The existing paper making, filling, sizing and coating methods lack the ability to apply a precise amount of material on the sheet to a specific position and can not as such provide means for cross directional (CD) profiling. Among these the paper making process itself has had a best CD profiling capability through a somewhat flexible metal lip opening in the so called Head Box that distributes the flow on a moving wire or wire nip. The lip opening is narrowed or widened through automated mechanical screws or thermally expanding metal bars. Unfortunately the total dynamics of this process at around 1% solids is difficult to master as every move has an impact elsewhere around it. Industry developed several computer algorithms to master the process but this was not enough. The next step was a so called dilution Head Box, where the individual Head Box sections are diluted with r circulating water to achieve the desired material amount to a specific position. This was a major improvement for the industry but it still lacks the ability to fully control the process especially against the still shifting fiber orientation that will at the end impair the product quality.
This invention of paper fiber spraying allows complete control over the fiber orientation at any position, and additionally it allows a precise spray layer based engineering of the paper sheet in such a way that none of the current methods can do and provides the first time the ability to make fully engineered paper utilizing the variety of raw materials maximally.

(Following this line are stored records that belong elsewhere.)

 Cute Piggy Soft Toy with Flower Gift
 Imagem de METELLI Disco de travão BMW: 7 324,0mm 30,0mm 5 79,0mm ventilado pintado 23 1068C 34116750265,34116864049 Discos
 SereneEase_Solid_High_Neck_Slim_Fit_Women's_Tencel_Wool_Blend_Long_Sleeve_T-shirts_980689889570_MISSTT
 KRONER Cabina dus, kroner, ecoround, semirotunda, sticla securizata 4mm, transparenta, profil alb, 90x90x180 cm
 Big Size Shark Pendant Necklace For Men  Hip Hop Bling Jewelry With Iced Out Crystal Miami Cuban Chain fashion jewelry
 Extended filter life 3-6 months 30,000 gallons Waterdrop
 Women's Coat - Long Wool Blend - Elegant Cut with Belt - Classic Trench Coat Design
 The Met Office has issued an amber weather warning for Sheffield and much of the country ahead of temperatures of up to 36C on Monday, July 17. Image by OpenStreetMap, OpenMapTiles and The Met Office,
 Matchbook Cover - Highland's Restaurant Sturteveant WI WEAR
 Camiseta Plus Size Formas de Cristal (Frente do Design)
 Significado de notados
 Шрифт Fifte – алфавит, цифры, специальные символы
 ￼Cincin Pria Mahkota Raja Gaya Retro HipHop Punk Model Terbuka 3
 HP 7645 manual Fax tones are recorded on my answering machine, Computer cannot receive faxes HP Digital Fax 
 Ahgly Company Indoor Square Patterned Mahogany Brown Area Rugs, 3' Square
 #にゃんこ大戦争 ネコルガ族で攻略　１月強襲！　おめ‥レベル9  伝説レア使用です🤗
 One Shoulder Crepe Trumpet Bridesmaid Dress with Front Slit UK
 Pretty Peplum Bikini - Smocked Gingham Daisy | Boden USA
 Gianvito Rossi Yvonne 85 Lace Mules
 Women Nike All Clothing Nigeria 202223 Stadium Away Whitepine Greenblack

The use of original spraying technology for paper re-moisturizing turned to a huge success with advancement of computer technology in the early 70's. Spraying of other materials has periodically been tested e.g. for paper surfacing but the results were largely unsuccessful. Even the latest applicator methods as presented in the U.S. Pat. No. 4,944,960 with improvements shown in the European Patent EP 0682571 still lack their first commercial application. The paper manufacturing itself has also been tried with gap sprayer technology but so far without success. One of the key components for fiber spraying is the nozzle shown in the recent U.S. Pat. No. 6,866,207 by Kangas.
For spraying the nozzle must be energy efficient, the spraying direction must essentially be downwards with gravity when other liquids than water are sprayed, the aerosols must be controlled, the spray pattern must be stable at varying nozzle flow rates for CD profiling, and in some cases the spray fog that has attached onto the substrate has to be doctored with a specific doctoring device according to this invention. The systems are illustrated in FIGS. 12, 13, 14 and 15.
The benefits of this invention can be summarized as follows:                All paper and board filling, sizing, coating, and barrier surfacing can be accomplished in a simple and efficient way using this spraying process.        All paper and board grades can be manufactured using this spraying process leading to sizeable savings in the energy consumption of their manufacturing.        Paper and board can now be engineered through spray-layer approach according to this invention.        The system poses no limitations to the paper machine operating speed and is a major improvement in paper machine operating efficiency and productivity.        Lower strength and other raw materials can be utilized more efficiently throughout the paper making process.        The aerosol release to work environment is eliminated. Aerosols are formed whenever material is sprayed in room air environment and in film splitting typically found in size presses and similar paper pigmenting process.